No es posible separar dibujo y color. Puesto que éste último nunca se aplica al azar, la escisión se producirá en el momento en que se establezcan límites, y sobre todo proporciones. Y es aquí, precisamente, donde interviene el talento creativo y la personalidad del pintor.
Pero también el dibujo importa mucho. Es la expresión del dominio sobre los objetos. Cuando se conoce a fondo un objeto, se puede describir su contorno solo con un trazo exterior que bastará para definirlo enteramente. Ingres decía que un dibujo es como un cesto del que no es posible quitar una tira de mimbre sin hacer un agujero.
Todo, incluso el color, no puede ser más que el producto de un acto de creación. En primer lugar, antes de dibujar el objeto exploro mis sentimientos. Después de trata de recrearlo todo, tanto el objeto como su color.
Cuando los medios de expresión que utiliza el pintor son asimilados por la moda, por los grandes almacenes, pierden enseguida su significado. Ya no ejercen ningún poder sobre el espíritu. Su influjo no hace sino modificar la apariencia de las cosas; se cambia únicamente de matices.
El color contribuye a expresar la luz, no su fenómeno físico, sino la única luz que existe de hecho, la de la mente del artista.

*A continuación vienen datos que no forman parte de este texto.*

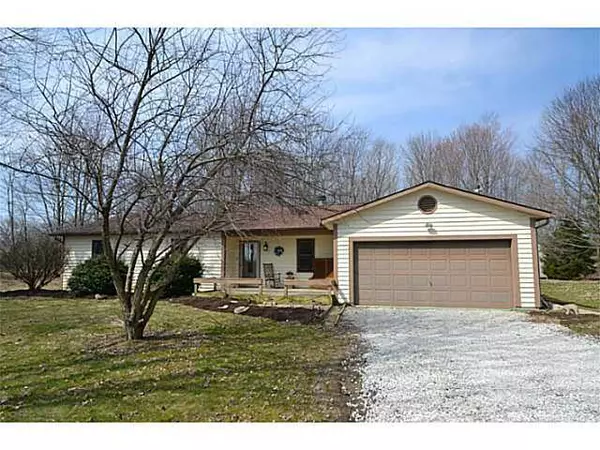 5686 York Road, Pataskala, OH 43062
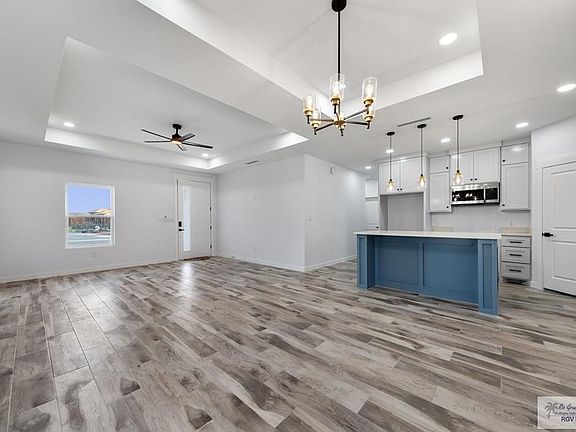 4th image of 6413 N Dorcas Cir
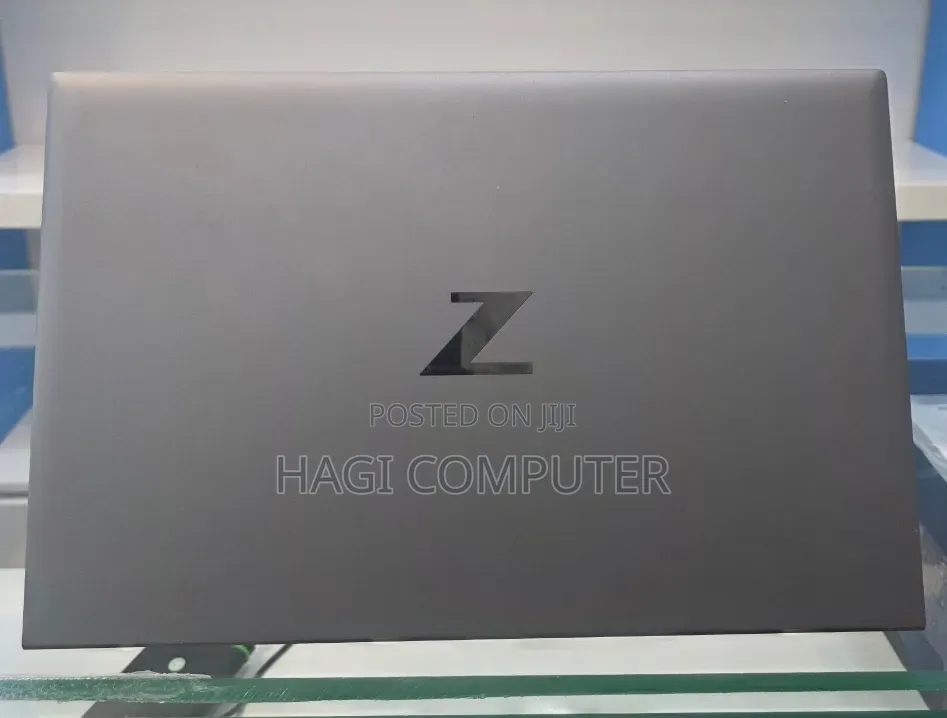 New Laptop HP ZBook Firefly G8 16GB Intel Core i7 SSD 512GB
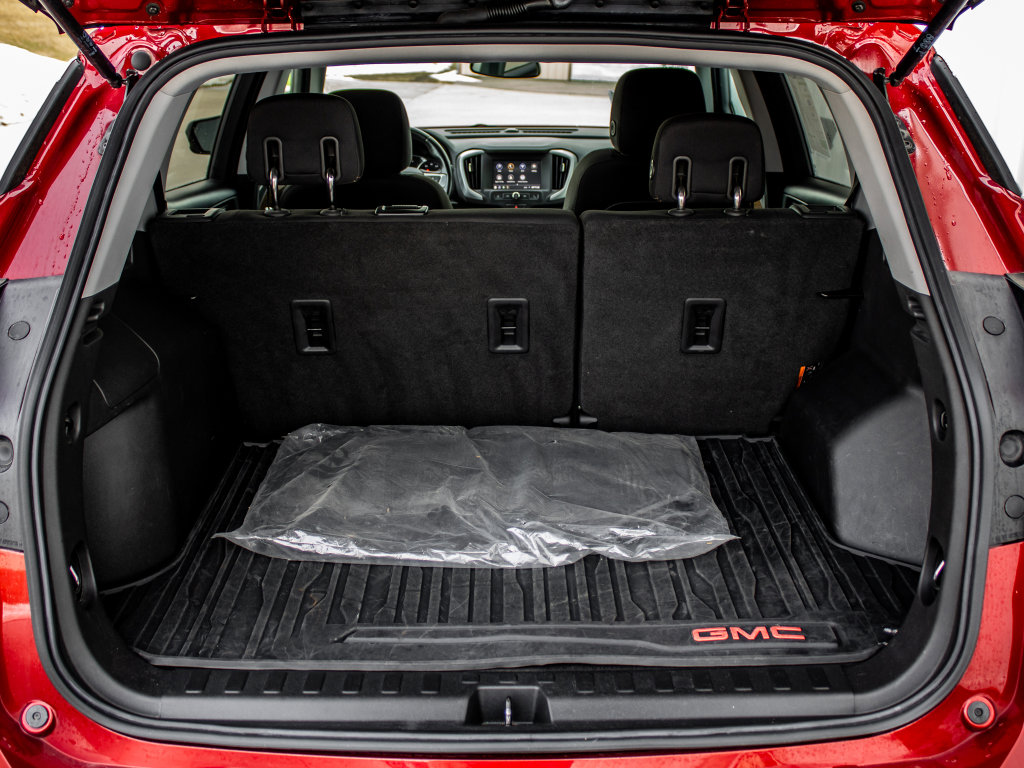 Used 2020 GMC Terrain SLE w/ Driver Convenience Package image 25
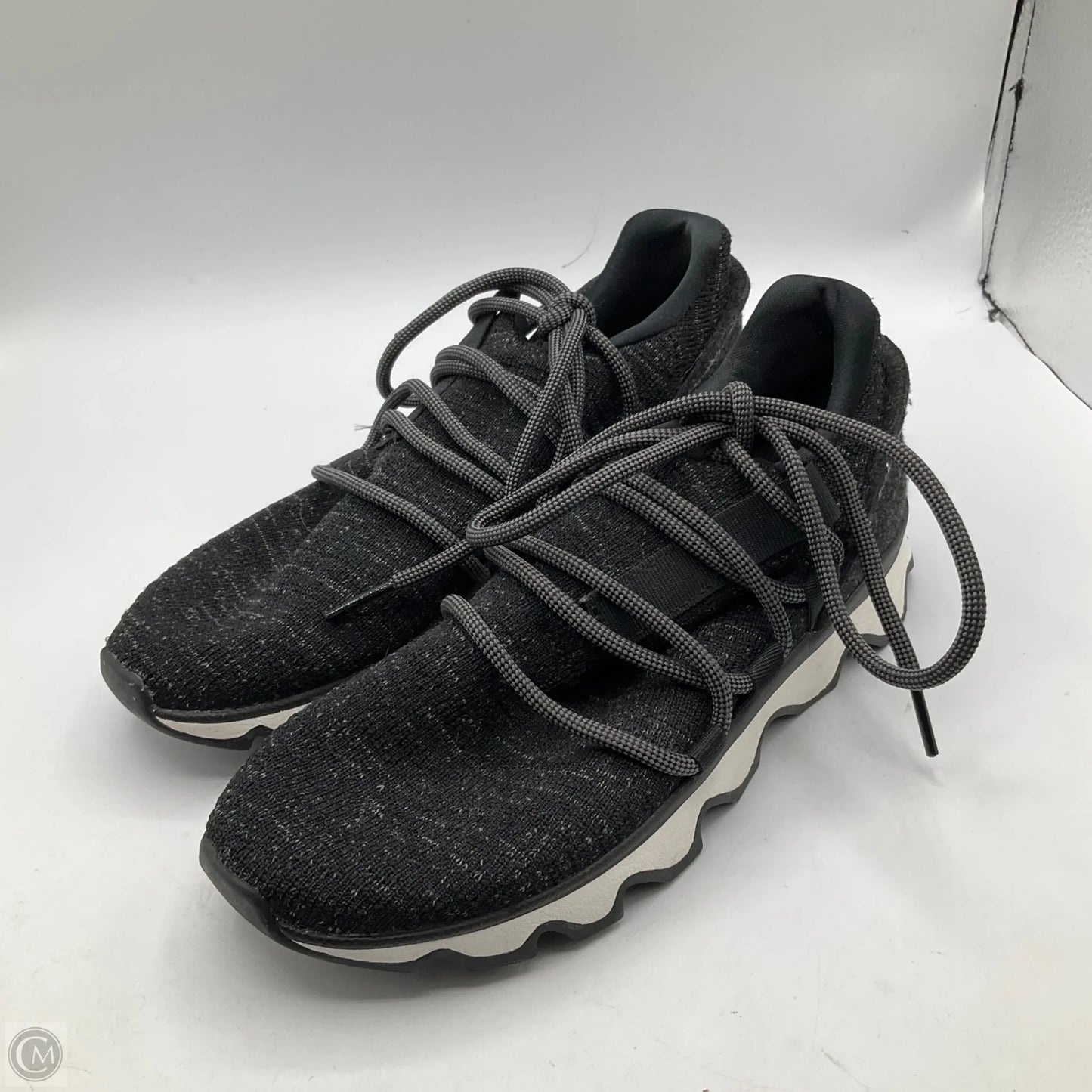 Shoes Sneakers By Sorel In Black, Size: 6.5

Los colores pueden multiplicarse ya sea por las degradaciones resultantes de la mezcla con blanco, ya sea añadiéndoles negro. ¡Qué diferencia entre un negro coloreado de azul Prusia y un negro coloreado de azul ultramar! El negro con el ultramar desprende la cálida atmósfera de las noches tropicales, mientras que con el azul Prusia hace sentir las fuerzas de los glaciares.
El contraste me permite dar a la luz todo su valor vital, convertirla en el elemento esencial, aquel que colorea, da calor y anima al conjunto, en el cual es
Lo propio del artista es crear. Crear es expresar lo que uno lleva dentro de sí mismo, hasta el momento en que lo posee totalmente y lo puede proyectar sobre la tela como su propia creación.